Museums and exhibitions
The many museums in the Lusatian Lakeland invite visitors to explore the region’s history. Among them is the Lusatian Mining Museum – Knappenrode Energy Factory. Stepping into the factory buildings feels like travelling back to Germany’s industrial heyday in the 19th century. The smell of freshly pressed coal briquettes lingers in the air. The museum houses an almost complete chronological collection of historical briquette-making technology that is unique in Europe. In addition to this extensive display, there are more than a dozen other exhibition spaces and interactive areas.

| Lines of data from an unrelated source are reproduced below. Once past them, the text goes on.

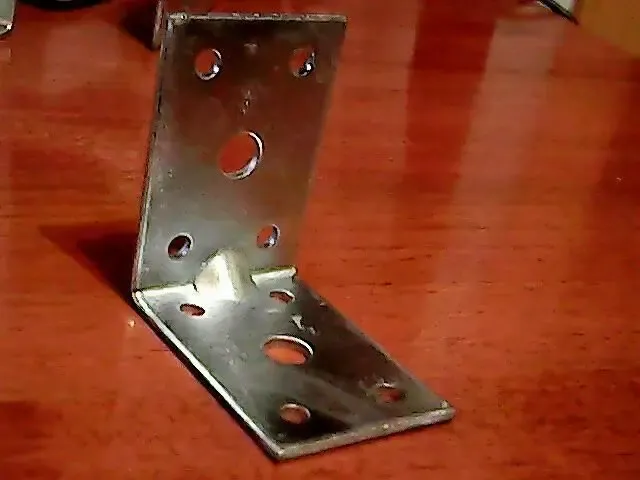 Уголок крепежный и пластины  в асортименте 8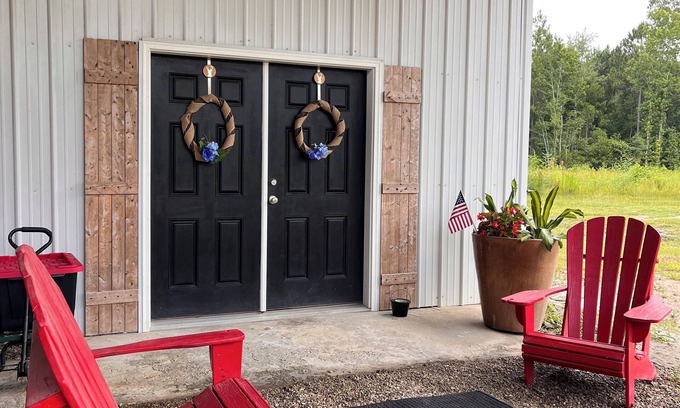 Nassau County House | Quaint barn loft at Praise Acres is a simple farm life to disconnect.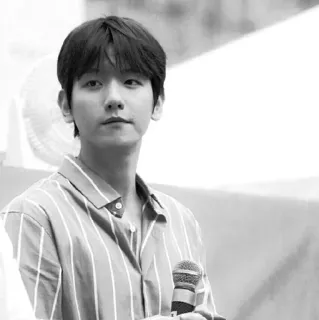 🕊 92ec0ce7 persoon, microfoon, koreaans, zanger, beroemdheid, portret whatsapp sticker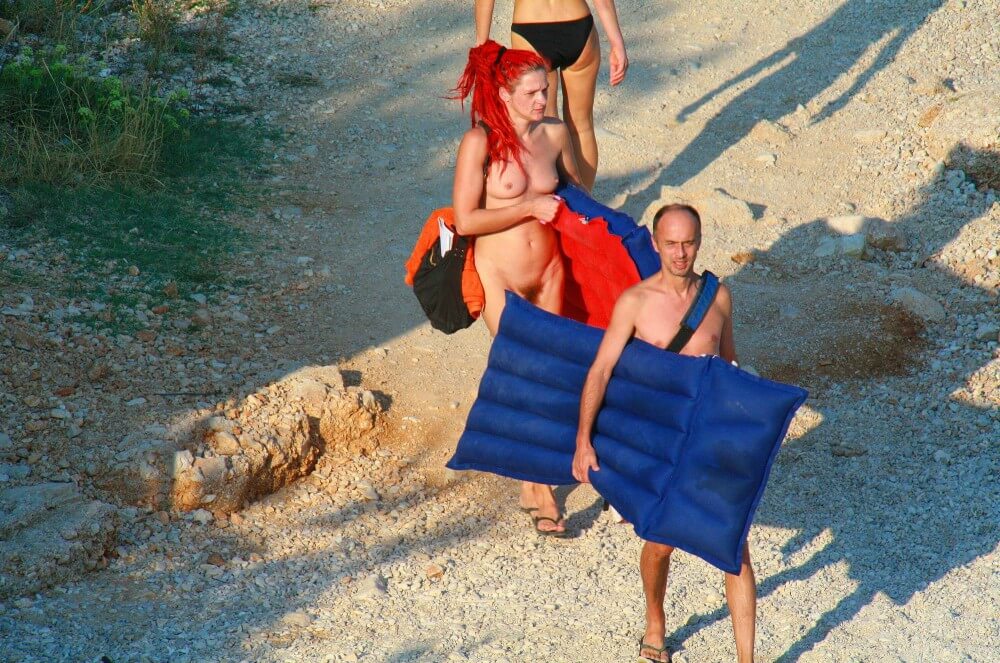 Ula FKK Red Hairstyle Girl pics - nudism in the world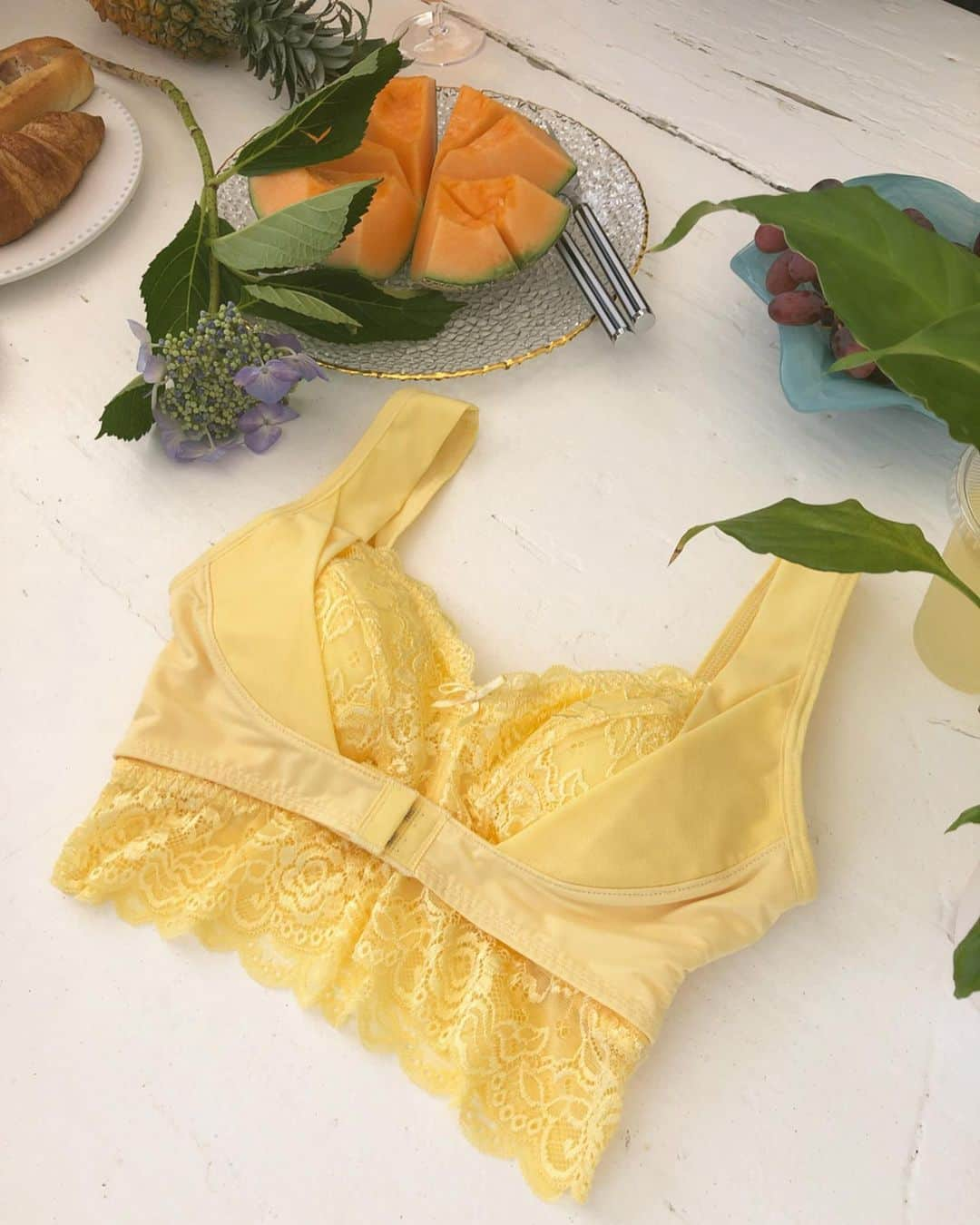 カレンさんのインスタグラム写真 - (カレンInstagram)「ふんわりルームブラ👙🌼 @roombra 昨日から発売の新色💛yellow💛 今日、撮影で着用させて頂きましたが、 夏にピッタリすぎる😍🌻可愛すぎた…💕 ほんじゃ!! このあと今夜は朝まで深夜練💃 まだまだ頑張ろーっ‼️🔥 . #ふんわりルームブラ #ナイトブラ #キュッとふんわりショーツ  #アンジェリール #angellir #撮影 #cyberjapan #cjd_karen #shooting #pool #yellow」6月18日 22時06分 - cjd_karen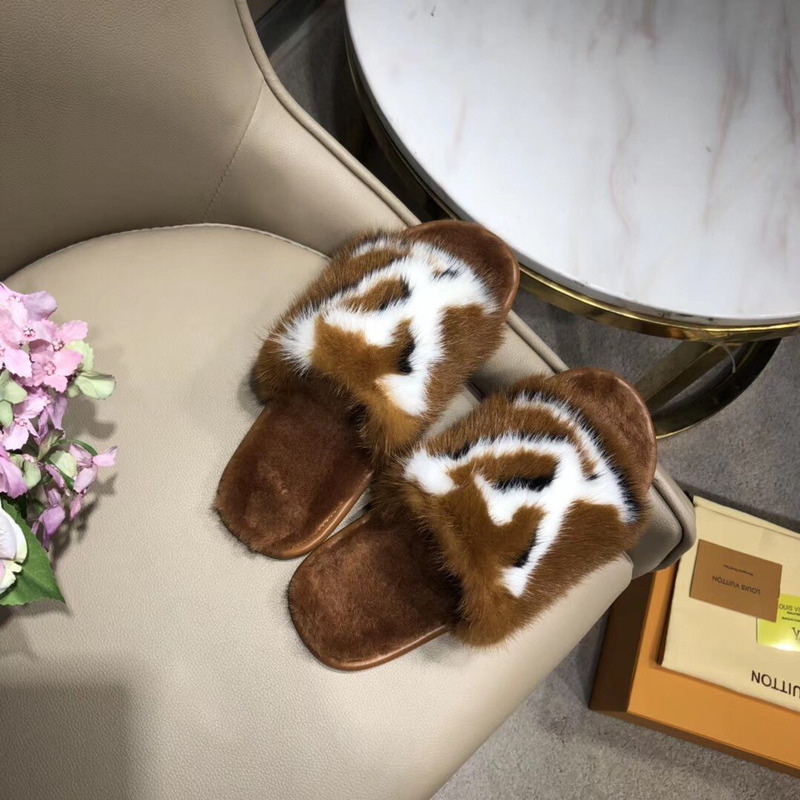 LV Homey Mink Flat Slippers Natural 1A5SZP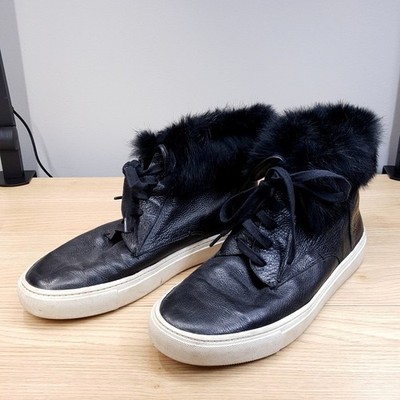VINCE Sneaker Womens Size 9 Black Leather Lace Up Rabbit Fur Ankle Trim
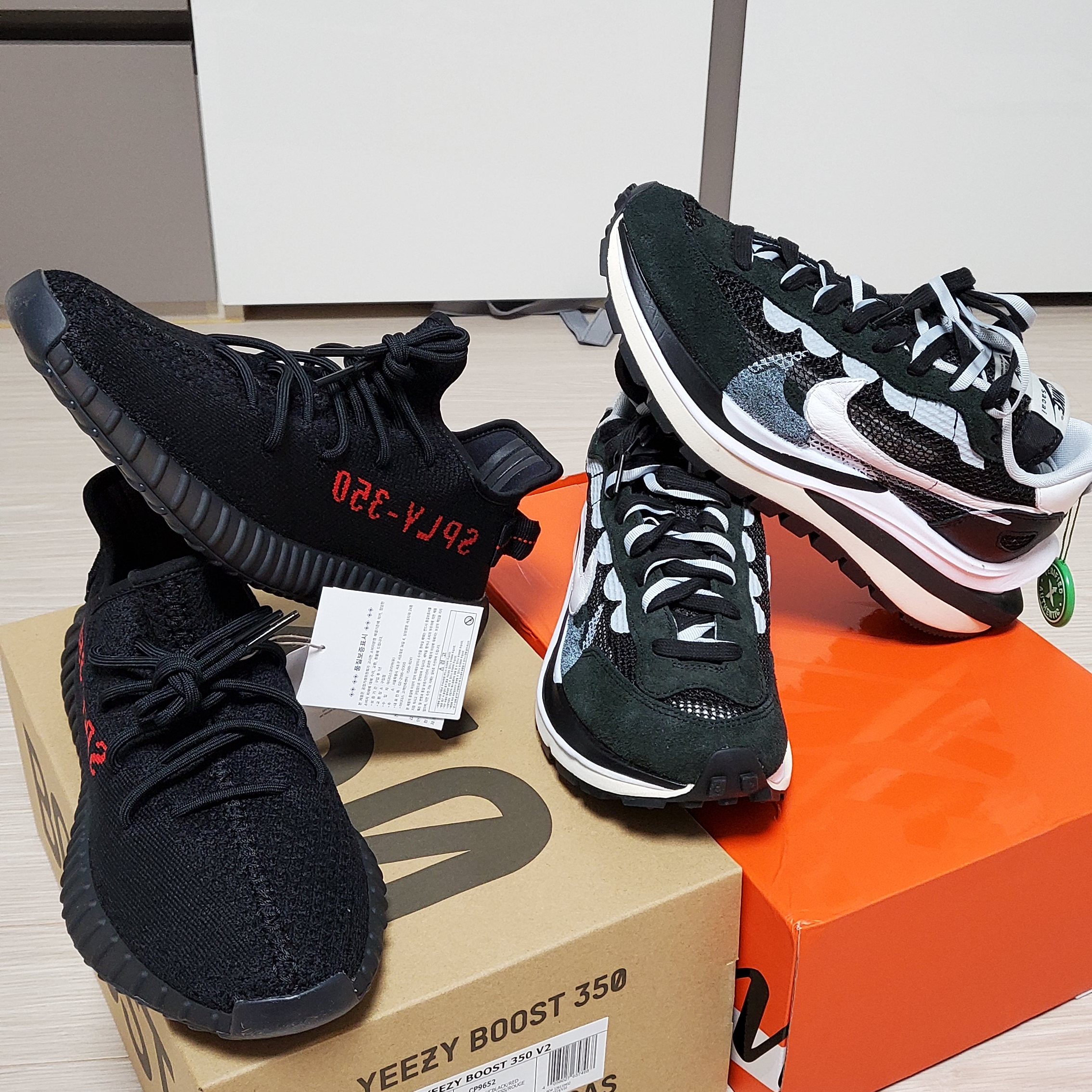 Nike x Sacai VaporWaffle Black White, Adidas Yeezy Boost 350 V2 Black Red 2020 착용 스타일 - 2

The historical residences at Senftenberg, Hoyerswerda and Spremberg have been turned into museums. The 400-year-old Senftenberg Fortress offers fascinating insights into the history of Lusatia. The exhibitions are varied and cover subjects ranging from wine-making traditions in and around the town to mining as an industry that shaped the region. The palace building also houses the Lusatia art collection, which comprises paintings, prints and sculptures by artists from the region. Ernst Barlach’s sculpture of a beggar, mounted on a brick plinth in the palace courtyard, is a particular highlight. A new exhibition at the fortress takes you on a fascinating journey through the history of lignite mining in Lusatia and the region’s transformation into what is now the Lusatian Lakeland.
In Lauchhammer, a town famous for ornamental casting, a former warehouse now serves as an exhibition space. On display is an extensive collection of templates and models that were used to cast sculptures and monuments as well as ornamental cast-iron objects of everyday use.
The ‘IBA meets IBA’ exhibition at the IBA Terraces on the banks of Lake Grossräschen offers profound insights into 100 years of experience gained from various International Building Exhibitions (‘Internationale Bauausstellungen’, IBA). Nearby at Seehotel Grossräschen, you can marvel at astonishing reproductions of the works of various renowned artists. This Museum of Art Fakes displays masterful forgeries and copies of more than 50 world-famous paintings.